These are all valid concerns, but many artists have used technology to aid them in producing work that seems to reflect, even call upon our inner worlds in new and exciting ways. Erin Gee is a Canadian artist who “adores all things robotic, cybernetic, and virtual” and wants to “create worlds where human and robotic voices intermingle.” Recently, I had the chance to chat with her about her recent work, “Swarming Emotional Pianos,” and the discoveries she has made in the process.

What do you find most appealing about the human brain?

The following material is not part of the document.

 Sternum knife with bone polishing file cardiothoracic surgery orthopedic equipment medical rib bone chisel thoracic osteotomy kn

I appreciate the complexity of nature, its mystery and above all its uniqueness, but this is to say that I very much so value animal brains as well. The focus on the human brain as the pinnacle of nature’s creation is an old, traditional idea that places man at the top of an evolutionary hierarchy. I think that by revaluing animal and machine perspectives that humans can achieve greater humility and learn from others, simultaneously revaluing their own brains in different ways. Nature is always in flux, evolving, and these elements of potential chaos, growth and death are important to value and maintain in technological culture. Otherwise I think that everything gets very politically boring: toys and cellphones that get increasingly better, smaller, faster are only nominally surprising, and don’t have a lasting or significant cultural impact. Integrations between technology, the body and nature are brave and strange.

Tell me about your project, Swarming Emotional Pianos.

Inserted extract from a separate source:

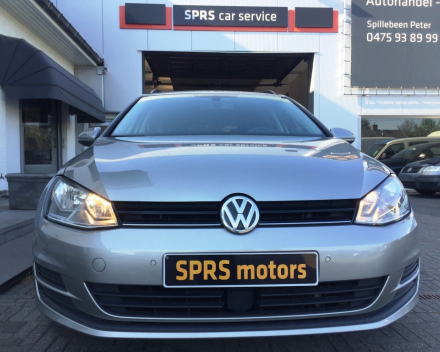 Volkswagen Golf 7 Break 1,6 TDI - Grijs - Diesel - 103101 km - 2014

My latest project features a fleet of mobile, robotic chime instruments with integrated lights that perform music. Imagine a surround sound piano distributed in space, that moves around. While this is already a very intriguing tool for new music composition, I made it specifically for the performance of data-driven music that comes from an emotional body, live. So to play this piano, a performer is strapped into a series of sensors that gather information about heart rate, sweat release, breathing, and blood flow. Then they are challenged to feel, in order to affect these physical elements that shift during mood. So while humans can see large emotional peformance of the body such as blushing or crying, there is another world of micro-performances that my system seeks to amplify.

While simply conjuring up emotion might sound impossible or surreal at first glance, I think most everyone has probably experienced a situation where thinking about a recent situation can make one tense and frustrated, or even bust into tears or jump in excitement. Method actors are trained to use their memories like this to conjure real emotions on stage, so these method actors are the perfect instrumentalists for my performance.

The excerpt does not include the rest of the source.